This is a follow up to this post. Kristi made some very good comments, and I've been thinking about them. (I also want to thank Kristi for leaving me that comment. I don't want anyone to ever feel afraid to comment on something if they disagree with me. I welcome everyone's comments. I am not easily offended. It also helps me to sort our my thoughts if someone offers a different opinion. )
I totally understand what she is saying. I guess it doesn't make sense. I just know that for me, it seems so much easier because I didn't have to labor and birth her. If I had, I know that I would have been in a much worse place emotionally. I know I would have. I did not have to make any tough decisions- they were all made for me. That made the process easier, for me. Maybe not for everyone. But for me, because there were never any "what if's" for me. The decisions were all made. I never had to second guess myself. It was easier to move forward.
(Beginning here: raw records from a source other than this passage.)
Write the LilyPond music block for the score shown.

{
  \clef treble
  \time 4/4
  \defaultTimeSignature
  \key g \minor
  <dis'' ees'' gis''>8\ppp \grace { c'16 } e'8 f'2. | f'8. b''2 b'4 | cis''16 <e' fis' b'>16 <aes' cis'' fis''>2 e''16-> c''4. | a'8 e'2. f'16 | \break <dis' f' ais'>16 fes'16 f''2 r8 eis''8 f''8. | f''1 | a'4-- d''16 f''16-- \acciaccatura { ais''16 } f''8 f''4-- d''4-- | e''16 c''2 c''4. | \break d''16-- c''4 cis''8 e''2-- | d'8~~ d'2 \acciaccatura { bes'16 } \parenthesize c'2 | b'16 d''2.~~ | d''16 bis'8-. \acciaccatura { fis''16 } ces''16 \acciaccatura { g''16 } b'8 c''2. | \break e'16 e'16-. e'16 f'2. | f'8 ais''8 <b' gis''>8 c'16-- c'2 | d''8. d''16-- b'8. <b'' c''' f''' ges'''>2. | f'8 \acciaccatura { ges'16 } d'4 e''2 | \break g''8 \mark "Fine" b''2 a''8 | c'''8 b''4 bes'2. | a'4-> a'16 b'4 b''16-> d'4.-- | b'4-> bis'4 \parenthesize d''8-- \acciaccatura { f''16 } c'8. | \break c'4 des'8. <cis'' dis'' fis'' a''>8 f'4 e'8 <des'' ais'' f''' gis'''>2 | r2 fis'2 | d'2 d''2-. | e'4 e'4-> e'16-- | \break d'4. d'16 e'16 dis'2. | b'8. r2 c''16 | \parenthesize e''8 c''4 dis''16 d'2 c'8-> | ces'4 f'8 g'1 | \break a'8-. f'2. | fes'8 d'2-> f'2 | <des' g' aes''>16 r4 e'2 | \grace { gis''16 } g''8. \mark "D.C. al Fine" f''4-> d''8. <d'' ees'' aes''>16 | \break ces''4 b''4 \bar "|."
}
It does bother me that someone who looses a baby at 14 weeks is said to have suffered a miscarriage, while someone who looses a baby at 20 is said to have a stillbirth. Why is there a difference? I also think that as a society we look at stillbirths as far more devastating then miscarriages. It's socially acceptable to take time off from work after a stillbirth, but not after a miscarriage. It's OK to name your stillborn baby, but people get kind of squeamish if you name a baby that was miscarried in the first trimester. I don't think it's right or fair.
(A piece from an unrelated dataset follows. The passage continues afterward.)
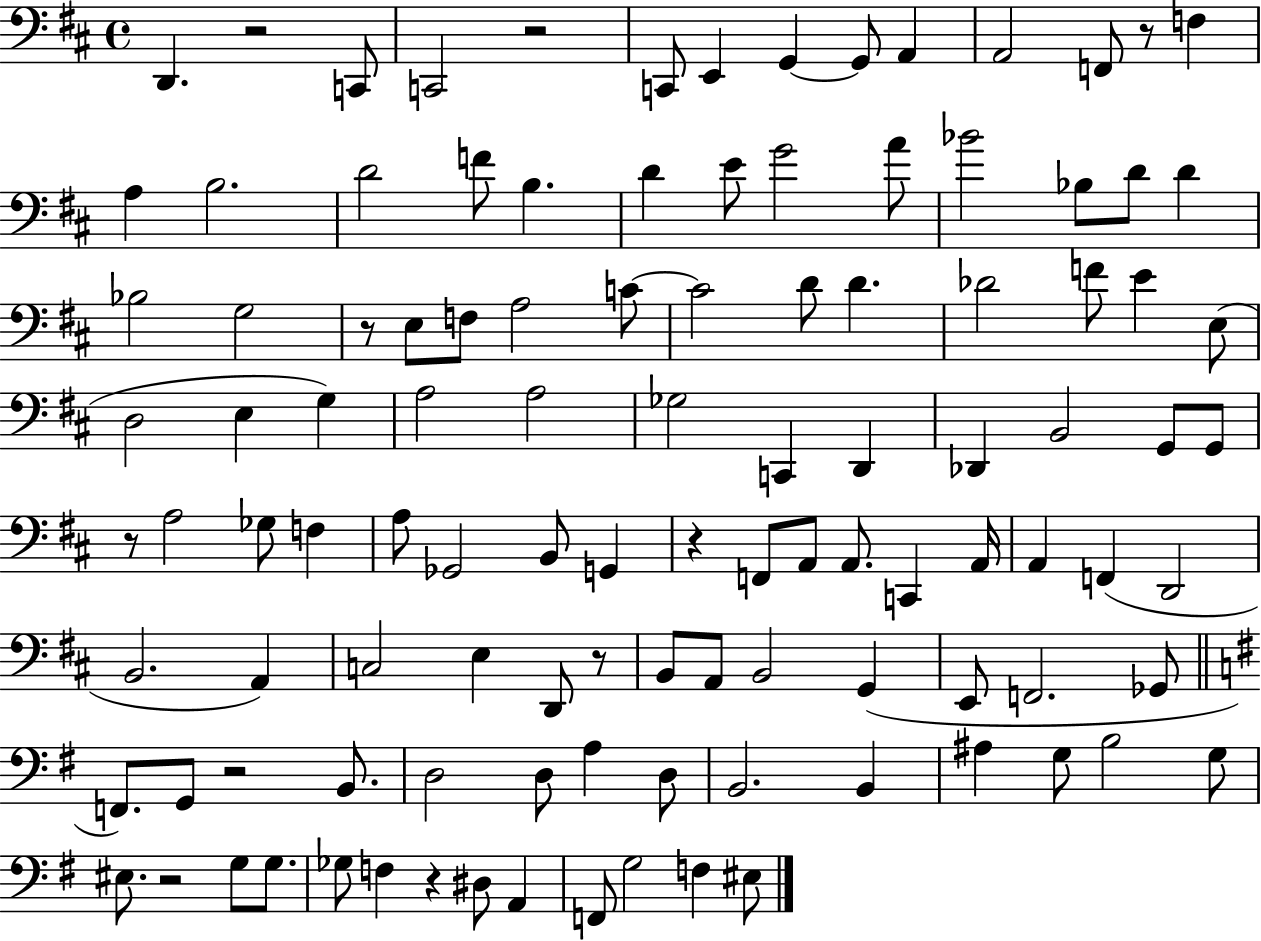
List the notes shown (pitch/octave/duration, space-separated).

D2/q. R/h C2/e C2/h R/h C2/e E2/q G2/q G2/e A2/q A2/h F2/e R/e F3/q A3/q B3/h. D4/h F4/e B3/q. D4/q E4/e G4/h A4/e Bb4/h Bb3/e D4/e D4/q Bb3/h G3/h R/e E3/e F3/e A3/h C4/e C4/h D4/e D4/q. Db4/h F4/e E4/q E3/e D3/h E3/q G3/q A3/h A3/h Gb3/h C2/q D2/q Db2/q B2/h G2/e G2/e R/e A3/h Gb3/e F3/q A3/e Gb2/h B2/e G2/q R/q F2/e A2/e A2/e. C2/q A2/s A2/q F2/q D2/h B2/h. A2/q C3/h E3/q D2/e R/e B2/e A2/e B2/h G2/q E2/e F2/h. Gb2/e F2/e. G2/e R/h B2/e. D3/h D3/e A3/q D3/e B2/h. B2/q A#3/q G3/e B3/h G3/e EIS3/e. R/h G3/e G3/e. Gb3/e F3/q R/q D#3/e A2/q F2/e G3/h F3/q EIS3/e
When I wrote my previous post I hope I didn't make anyone thing that I was minimizing their loss. That was not my intention. All I was saying is that for me I know that I had an easier time dealing with my loss because of the reasons I stated. Had things been different, I would have been different. If I had to be induced and go into labor and give birth to a dead child you bet your butt I would have been in a much worse place emotionally. That is a given. One does not expereince that unscathed. I feel that I had it easier (so to speak) because I did not have to go through that process. It has nothing to do with gestational age. It's more to do with my experience. While I understand, and appreciate, what many of you have said, I still feel that my experience was not as horrible as it could have been. (There's the optomist in me!) I've heard much worse stories. I guess that goes back to when the bible says, "God will never give you more than you can handle". My loss was all I could handle.